_Data excerpts_:
◆ ◆ ◆ ◆
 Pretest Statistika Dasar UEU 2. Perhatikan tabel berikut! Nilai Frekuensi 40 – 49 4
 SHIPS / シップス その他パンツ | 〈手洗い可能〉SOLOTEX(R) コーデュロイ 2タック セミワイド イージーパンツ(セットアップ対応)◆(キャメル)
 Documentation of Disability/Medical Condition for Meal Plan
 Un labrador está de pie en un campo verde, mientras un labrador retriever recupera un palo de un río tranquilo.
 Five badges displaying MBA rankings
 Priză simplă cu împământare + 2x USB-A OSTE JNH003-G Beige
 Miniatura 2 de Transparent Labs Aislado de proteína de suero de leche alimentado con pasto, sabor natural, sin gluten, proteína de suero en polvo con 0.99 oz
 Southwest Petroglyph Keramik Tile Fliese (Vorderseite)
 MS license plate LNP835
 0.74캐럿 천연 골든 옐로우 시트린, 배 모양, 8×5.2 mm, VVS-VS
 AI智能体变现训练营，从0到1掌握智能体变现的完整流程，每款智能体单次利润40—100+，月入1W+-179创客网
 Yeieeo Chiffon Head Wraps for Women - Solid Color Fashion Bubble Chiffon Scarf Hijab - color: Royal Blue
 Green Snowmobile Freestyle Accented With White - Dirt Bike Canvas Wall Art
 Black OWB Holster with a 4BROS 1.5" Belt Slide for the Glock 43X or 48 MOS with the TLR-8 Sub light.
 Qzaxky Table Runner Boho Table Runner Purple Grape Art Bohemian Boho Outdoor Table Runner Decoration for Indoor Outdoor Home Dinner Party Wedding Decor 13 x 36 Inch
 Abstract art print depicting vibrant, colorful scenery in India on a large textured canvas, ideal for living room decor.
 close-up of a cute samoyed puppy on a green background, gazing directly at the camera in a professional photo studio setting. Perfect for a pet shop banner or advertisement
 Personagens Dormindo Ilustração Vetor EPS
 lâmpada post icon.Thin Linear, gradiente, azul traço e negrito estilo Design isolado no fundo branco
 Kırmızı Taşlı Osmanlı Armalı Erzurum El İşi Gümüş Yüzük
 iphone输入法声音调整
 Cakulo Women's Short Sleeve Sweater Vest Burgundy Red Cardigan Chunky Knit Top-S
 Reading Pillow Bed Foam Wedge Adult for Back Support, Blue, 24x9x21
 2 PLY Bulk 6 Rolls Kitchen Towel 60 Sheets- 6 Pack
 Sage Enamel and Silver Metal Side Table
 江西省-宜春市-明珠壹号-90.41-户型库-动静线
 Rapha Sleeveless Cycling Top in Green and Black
◆ ◆ ◆ ◆
Note each line above that contains "Table" and copy it out.

 Qzaxky Table Runner Boho Table Runner Purple Grape Art Bohemian Boho Outdoor Table Runner Decoration for Indoor Outdoor Home Dinner Party Wedding Decor 13 x 36 Inch
 Sage Enamel and Silver Metal Side Table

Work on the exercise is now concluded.